How Did a Hopkins Predatory Offender Go Missing?
Patch looks into the oversight that 37-year-old Pedro Chavez Jumping Eagle had before he disappeared.
When news broke that a registered predatory offender had gone missing from Hopkins, many residents questioned how that could happen.
The charging document filed against 37-year-old Pedro Chavez Jumping Eagle, who is still missing, states that he registered his Hopkins address in April 2011. But when Hopkins police went there July 18, he was nowhere to be found. What happened during that period?
Jumping Eagle was a Level I predatory offender, said Doug Neville, a Department of Public Safety spokesman. That designation classified Jumping Eagle as a low risk for re-offense.
Hopkins has many more of these lower-risk offenders than those like the Level III offender who drew so much attention last month when police announced he’d moved into the community. While the community has just one Level III offender, 25-year-old Kenneth Edward Dean, it had a total of 47 registered predatory offenders at the time of last month’s community notification meeting.

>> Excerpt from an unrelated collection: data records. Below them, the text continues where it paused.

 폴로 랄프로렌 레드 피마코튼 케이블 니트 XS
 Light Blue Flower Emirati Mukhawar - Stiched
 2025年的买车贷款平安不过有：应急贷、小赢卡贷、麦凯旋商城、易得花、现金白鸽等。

These offenders aren’t as well known because the law limits local law enforcement from sharing information about their location as widely. Where departments usually host information meetings when Level III offenders move in, information on Level I offenders is usually only shared with other law enforcement agencies, victims or witnesses and adult members of the offender’s immediate household.
Level I offenders also receive less oversight. Monitoring them is a collaboration between the Bureau of Criminal Apprehension and local law enforcement, Neville said.

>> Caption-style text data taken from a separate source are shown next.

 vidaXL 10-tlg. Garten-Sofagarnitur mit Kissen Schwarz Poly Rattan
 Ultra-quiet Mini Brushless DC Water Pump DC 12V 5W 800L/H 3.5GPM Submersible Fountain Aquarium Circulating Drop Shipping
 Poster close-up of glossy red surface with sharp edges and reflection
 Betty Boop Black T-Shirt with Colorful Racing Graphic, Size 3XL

The BCA typically sends annual compliance letters to these offenders verifying that they’re at the address they claim. If the offenders don’t respond, BCA notifies local law enforcement. Officers then go to the address to check in person.

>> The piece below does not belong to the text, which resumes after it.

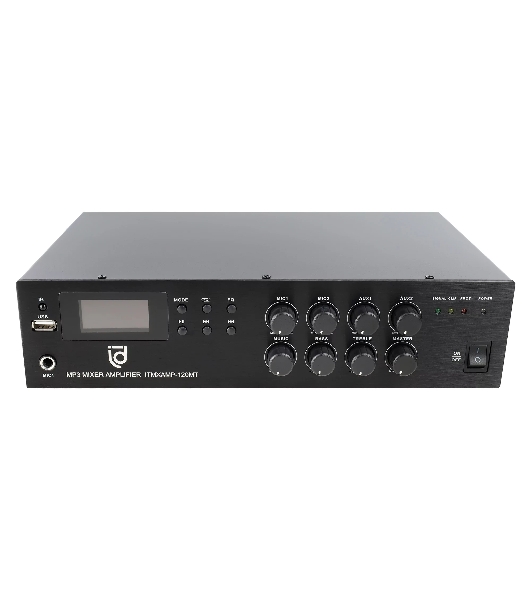Микшер-усилитель Intrend ITMXAMP-120MT MP3, FM тюнер, USB, Bluetooth, 2хMic/3хLine входы, 1хLine выход,120 Вт, 4/8Ом/100V, IR-пульт в комплекте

That’s what happened in Jumping Eagle’s case. He didn’t answer the letter. BCA asked officers to do a status check. When he wasn’t there, he was deemed out of compliance and subject to accountability by state law—including the felony failure to register charge filed against him Friday.
Jumping Eagle also differs from Dean in another way. Dean is on intensive supervised release—which will involve regular checks from his supervising agent, drug and alcohol testing and GPS tracking for the first several months. The head of Hennepin County’s intensive supervised release program compared the first eight-months phase to house arrest—and added that Dean will only get a bit more freedom in the second phase.
By contrast, Jumping Eagle, who was convicted of first-degree criminal sexual conduct in 1993, was released from probation in 2009, according to the Department of Corrections.